START Recorded data

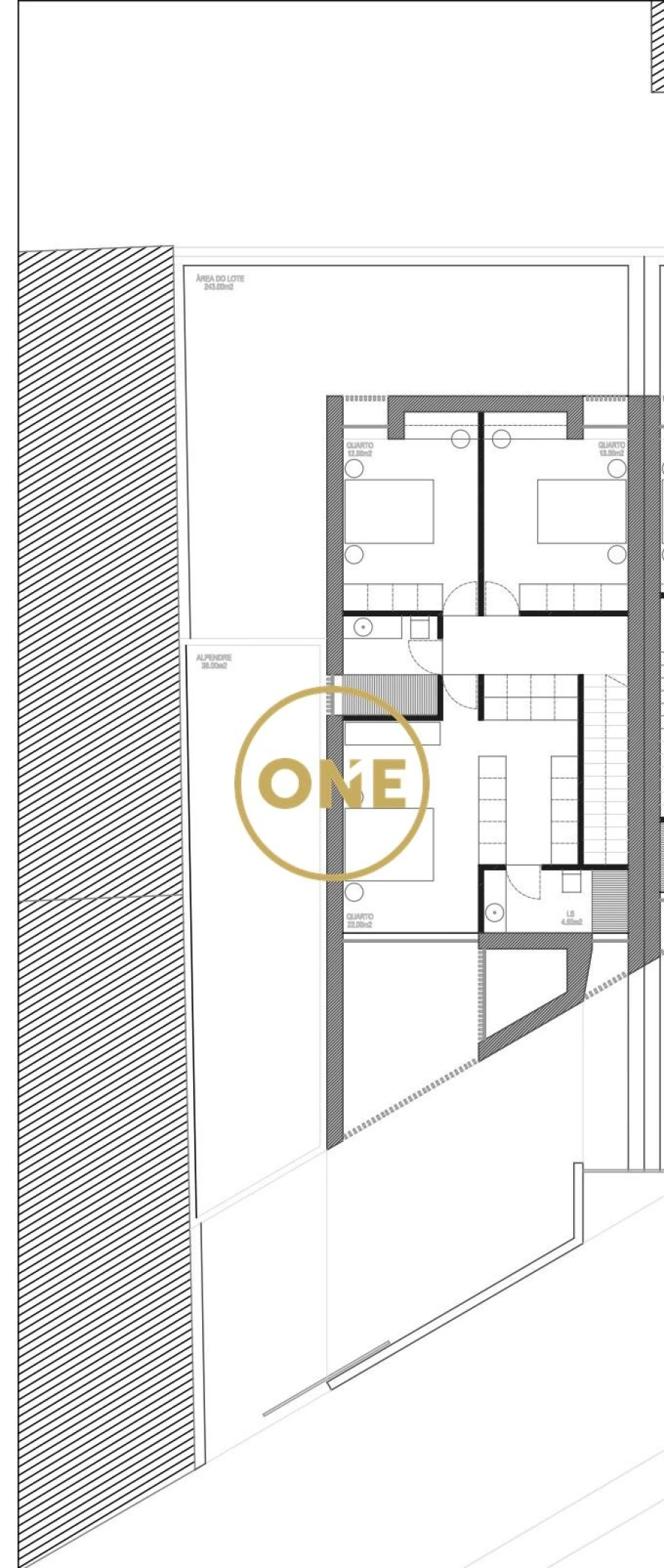 Moradia T3 para Venda em Lousado Foto 5
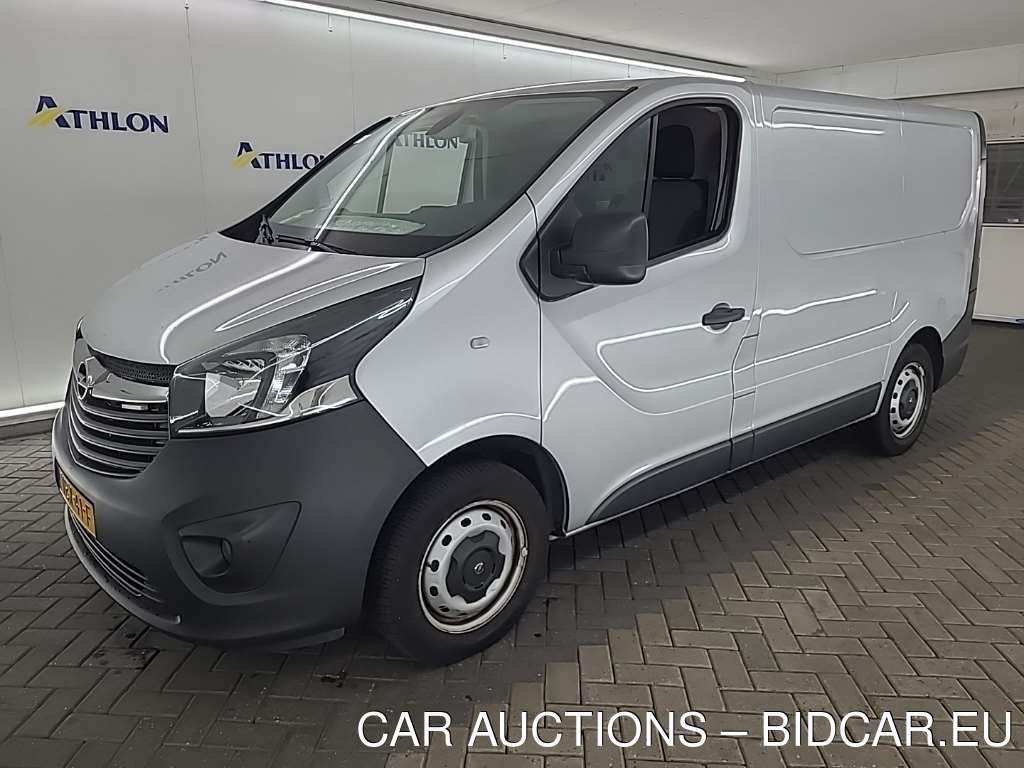 Opel Vivaro gb L1H1 1.6CDTI BT S/S 92KW 2.9T EDITION 4D, 2019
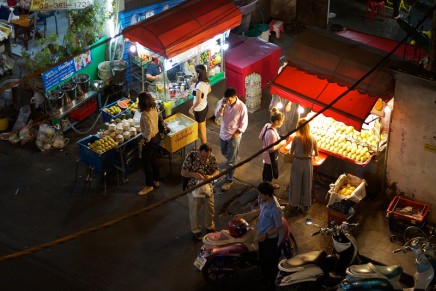 Southeast Asian cities – the best street food cities in the world
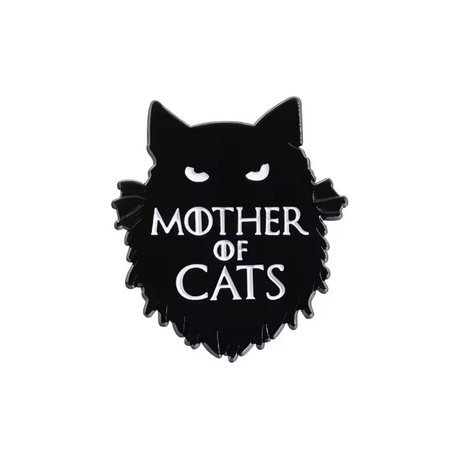 Pin Mother of Cats - Fatima.Dk
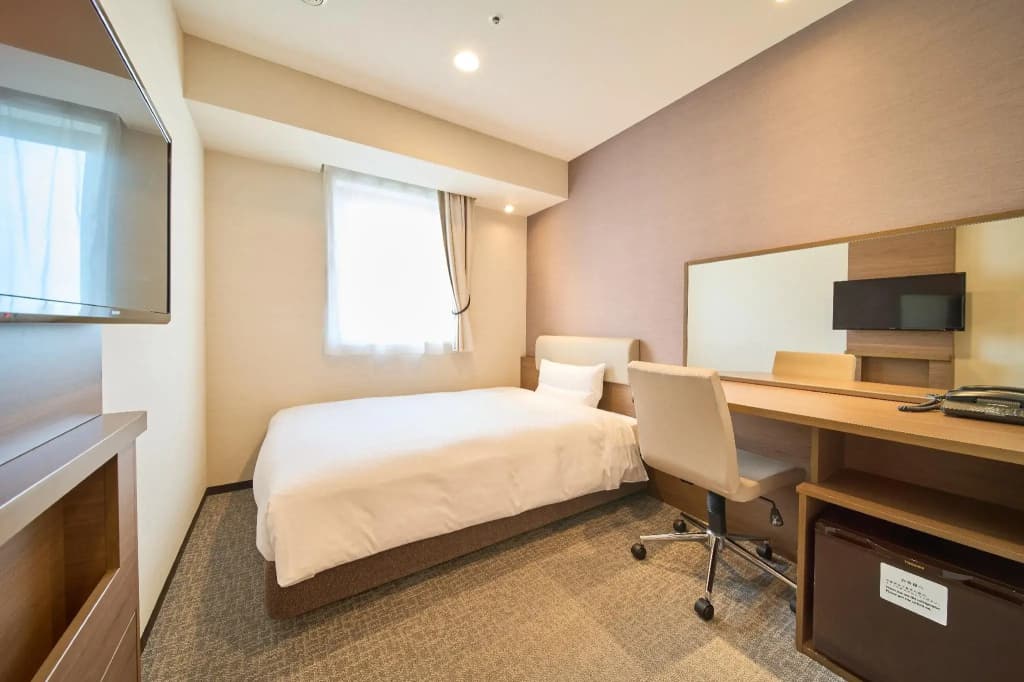 Jr West Group Via Inn Abeno Tennoji - photo 25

END Recorded data

## Work required
Please produce an exact copy of all the material, leaving out the pictures.

## Your solution
 Moradia T3 para Venda em Lousado Foto 5
 Opel Vivaro gb L1H1 1.6CDTI BT S/S 92KW 2.9T EDITION 4D, 2019
 Southeast Asian cities – the best street food cities in the world
 Pin Mother of Cats - Fatima.Dk
 Jr West Group Via Inn Abeno Tennoji - photo 25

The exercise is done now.